Anti-scouring device for a dam stilling basin or approach

Abstract

An anti-scouring device for preventing scouring of the bed of a flowing stream at an upstream or downstream location proximate a dam has a plurality of rows of concrete members, positioned in the direction of flow of the stream, on the bed of the stream. The concrete members have a base and at least one downwardly extending penetrating member which secures the member to the bed. The concrete members may have downwardly extending legs and upwardly extending retention posts and be linked together in the rows by a flexible linkage. Or, the concrete members may have downwardly extending intersecting webs to serve in securing the members to the bed. Methods for forming the anti-scouring device on the bed are also provided.

Description

FIELD OF THE INVENTION

The present invention relates to an anti-scouring device for preventing the scouring of the bed of a flowing stream of water at a location proximate the approach or upstream end of a dam, or the downstream end of a dam, or stilling basin, and a method for forming such an anti-scouring device.

BACKGROUND OF THE INVENTION

The area of a river, or stream, that is adjacent the upstream or downstream end of a dam constructed across the river, where flow over the dam is permitted, is subject to serious scouring or erosion by the flow of water. The flowing water, as it approaches and passes over the dam, creates currents and turbulence in these areas known as the approach and the stilling basin and the turbulence, as well as media carried by the water, scours the bed of the river. Such continuous scouring, over a prolonged period of time can create a large cavity in the river bed, either upstream or downstream of the dam with the cavity eventually reaching such proportions that the structural integrity of the dam immediately adjacent to the cavity, can be threatened. While it has been proposed to place a deposit of riprap, or large size rocks, in the stilling basin to reduce erosion of the river bed, such riprap is itself subject to the forces of the flowing water, and debris therein, and may eventually be displaced or dispersed such that the river bed is subsequently exposed to erosion, at least in areas where the riprap deposit has been disturbed.

It is an object of the present invention to provide an anti-scouring device for an approach and stilling basin that is stable under the influence of the forces acting upon the device.

It is another object of the present invention to provide an anti-scouring device for an approach or stilling basin that can be formed from precast concrete members that can be cast at a location remote from a river and precisely located in the approach or stilling basin, without dewatering the same.

SUMMARY OF THE INVENTION

An anti-scouring device for preventing the scouring of the bed of a flowing stream at a downstream location from a dam has a plurality of rows of concrete members positioned, preferably, in a concave depression formed in the downstream bed of the stream, or on a leveled or slightly inclined manner for preventing scouring of the upstream bed at the approach. The rows of concrete members are positioned in the direction of the stream flow, while each row is aligned transverse to adjacent rows and the direction of the stream and parallel to the dam. The concrete members have a base and at least one downwardly extending penetrating member on the base which secures the concrete member to the bed of the stream.

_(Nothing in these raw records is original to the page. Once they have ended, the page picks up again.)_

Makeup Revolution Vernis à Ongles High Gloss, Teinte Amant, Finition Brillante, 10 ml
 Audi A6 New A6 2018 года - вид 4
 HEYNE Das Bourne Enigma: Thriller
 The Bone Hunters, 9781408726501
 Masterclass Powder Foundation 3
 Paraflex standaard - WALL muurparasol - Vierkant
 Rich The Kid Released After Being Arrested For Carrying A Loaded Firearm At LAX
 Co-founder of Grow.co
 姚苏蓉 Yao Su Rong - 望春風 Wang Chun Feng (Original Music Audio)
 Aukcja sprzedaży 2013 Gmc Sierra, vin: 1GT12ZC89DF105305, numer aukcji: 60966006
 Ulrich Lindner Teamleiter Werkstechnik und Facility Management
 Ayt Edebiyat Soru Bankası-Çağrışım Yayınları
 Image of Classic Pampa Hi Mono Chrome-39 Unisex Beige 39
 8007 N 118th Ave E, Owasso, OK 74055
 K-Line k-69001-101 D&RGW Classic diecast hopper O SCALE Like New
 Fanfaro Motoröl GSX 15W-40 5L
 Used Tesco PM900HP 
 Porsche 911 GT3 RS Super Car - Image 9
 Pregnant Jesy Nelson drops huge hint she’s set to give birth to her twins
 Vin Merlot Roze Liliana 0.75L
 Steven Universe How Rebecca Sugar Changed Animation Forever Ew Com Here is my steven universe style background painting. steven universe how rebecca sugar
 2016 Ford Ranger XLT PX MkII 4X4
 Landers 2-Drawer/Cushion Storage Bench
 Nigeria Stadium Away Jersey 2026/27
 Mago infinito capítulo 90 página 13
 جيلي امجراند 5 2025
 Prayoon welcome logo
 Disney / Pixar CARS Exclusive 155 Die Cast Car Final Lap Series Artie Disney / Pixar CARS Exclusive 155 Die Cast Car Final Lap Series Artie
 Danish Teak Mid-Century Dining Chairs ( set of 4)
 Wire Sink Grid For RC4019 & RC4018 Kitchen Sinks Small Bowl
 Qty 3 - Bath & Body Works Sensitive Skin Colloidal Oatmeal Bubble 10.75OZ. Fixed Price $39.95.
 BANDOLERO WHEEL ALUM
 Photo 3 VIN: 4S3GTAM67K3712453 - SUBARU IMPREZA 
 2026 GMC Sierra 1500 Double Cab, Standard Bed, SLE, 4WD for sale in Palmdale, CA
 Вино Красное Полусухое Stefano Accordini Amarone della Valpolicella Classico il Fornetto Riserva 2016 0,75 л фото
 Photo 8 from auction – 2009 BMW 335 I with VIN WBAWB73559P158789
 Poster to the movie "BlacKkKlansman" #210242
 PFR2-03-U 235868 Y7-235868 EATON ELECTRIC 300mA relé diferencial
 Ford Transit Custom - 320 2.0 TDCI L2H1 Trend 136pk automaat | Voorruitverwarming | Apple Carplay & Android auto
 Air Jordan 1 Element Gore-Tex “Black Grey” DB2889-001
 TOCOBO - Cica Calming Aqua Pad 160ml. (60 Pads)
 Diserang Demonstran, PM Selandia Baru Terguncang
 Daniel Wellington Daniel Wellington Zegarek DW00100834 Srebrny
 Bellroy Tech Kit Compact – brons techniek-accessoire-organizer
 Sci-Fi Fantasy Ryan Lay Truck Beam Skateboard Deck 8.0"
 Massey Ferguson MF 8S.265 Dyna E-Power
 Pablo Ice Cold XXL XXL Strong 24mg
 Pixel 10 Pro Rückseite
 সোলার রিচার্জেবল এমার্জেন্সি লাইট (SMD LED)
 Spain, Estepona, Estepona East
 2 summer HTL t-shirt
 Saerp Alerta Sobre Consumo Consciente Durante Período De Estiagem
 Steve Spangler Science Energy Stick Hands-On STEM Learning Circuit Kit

In one embodiment, the concrete members have at least one downwardly depending leg which serves as the securing means to penetrate the bed of the stream and at least one upwardly extending retention post which serves to retain riprap on the concrete members against the scouring forces of the rushing water. Preferably, the concrete members are rectangular in shape and have a downwardly depending leg and upwardly extending retention post adjacent each corner. The concrete members of each row are linked together in the rows by flexible linking means, such as by use of hairpin anchors embedded in the sidewall of the base thereof and a link chain or link bar connecting hairpin anchors of adjacent concrete members. After a first row of the concrete members is positioned on the stream bed, subsequent rows are placed in a substantially abutting relationship. When positioning the rows of linked concrete members, the same may be transported to the desired position between two spaced barges and a hoist, or other lowering means, on the barges used to lower the row to a predetermined position.

In another embodiment, the concrete members have a base and a plurality of downwardly extending intersecting webs which serve to penetrate and secure the concrete members to the bed of the stream. In this embodiment, the concrete members are of a size that the use of barges is not practical, and each of the concrete members are floated to desired position using flotation tanks and flotation control tubes that are releasably secured to the base. After correct positioning, the flotation tanks are flooded and the concrete member is lowered to the bed of the stream. The flotation tanks and flotation control tubes are then released from the base and removed from the area of the device.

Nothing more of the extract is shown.